Dovrebbero essere meno porose, le lavagnette da cucina in legno. Non si lavano mai bene e conservano tracce degli appunti presi.
Allora in questa tua potrei ritrovare ciò che hai mangiato, quali bollette dovevi pagare e quella serie di annotazioni sulla mia vita incasinata scritta ridendo in una delle nostre nottate insonni. DVD in pausa, camomilla e cappuccino in cucina e si dimenticava il film restando a parlare. Quanta disperata solitudine c’era, in quel nostro sodalizio?

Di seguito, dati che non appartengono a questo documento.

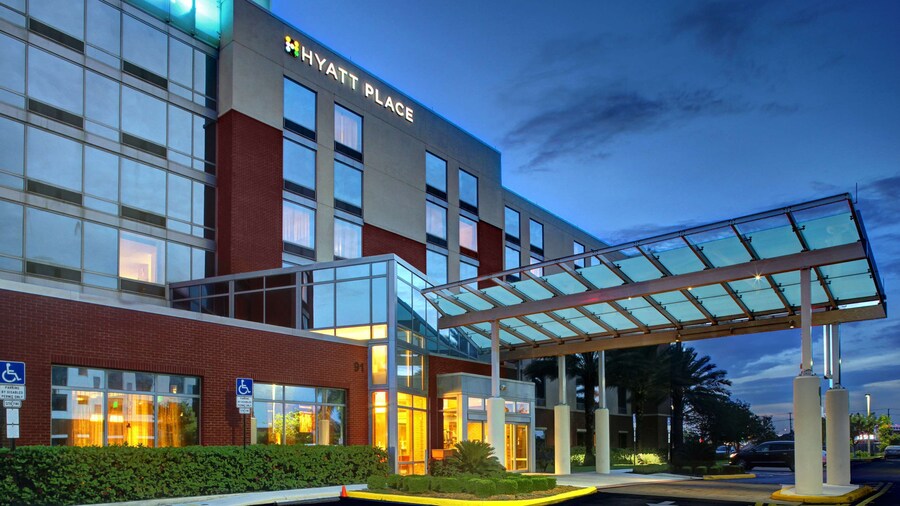 Hyatt Place Ft. Lauderdale Airport & Cruise Port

Scopro solo a posteriori che in quella casa non entrava nessuno, e tu mi ci hai fatto vivere, con te. Ti ho invaso, letteralmente, temendo sempre di disturbare fino a quella bellissima tua rivelazione: “Da quando sei qui ho iniziato a dormire meglio”. Ricordo perfettamente l’odore del salone, ci credi? Non risparmieresti battute sul mio naso, lo so.
Dove l’hai comprata questa lavagna? Quando? Hai piantato tu il chiodo che la sosteneva nella tua cucina? Quale è stata la cosa più importante che ci hai scritto? E quante cose, soprattutto, hai scritto dopo il mio passaggio?
Provo a distrarmi, che è solo una lavagna vuota, ma subito vedo dagli aloni il movimento che hai fatto quando hai cancellato col panno. Ripenso alla tua orrenda calligrafia, ti immagino bambina a far disperare la maestra della prima elementare.
Non riesco a pensarti per piu di un minuto senza sorridere per qualcosa su cui ci saremmo presi per il culo. Penso a quante cose potevamo dirci ma non c’è stato il tempo.
Provo rabbia.
Fa parte di ciò che eri nel modo più profondo, lo so, ma questo tuo non chiamare per non disturbare e non dire cosa ti stava accadendo, sere come queste proprio non lo accetto.
Potevo essere li, con te. Ci sono sempre stato.
C’è un chiodo libero ora nella tua cucina e una lavagna da cucina è nel mio studio.
Chiara forse un giorno mi chiederà perché rimane sempre vuota, le dirò che è scritta con un inchiostro magico che può vedere solo papà.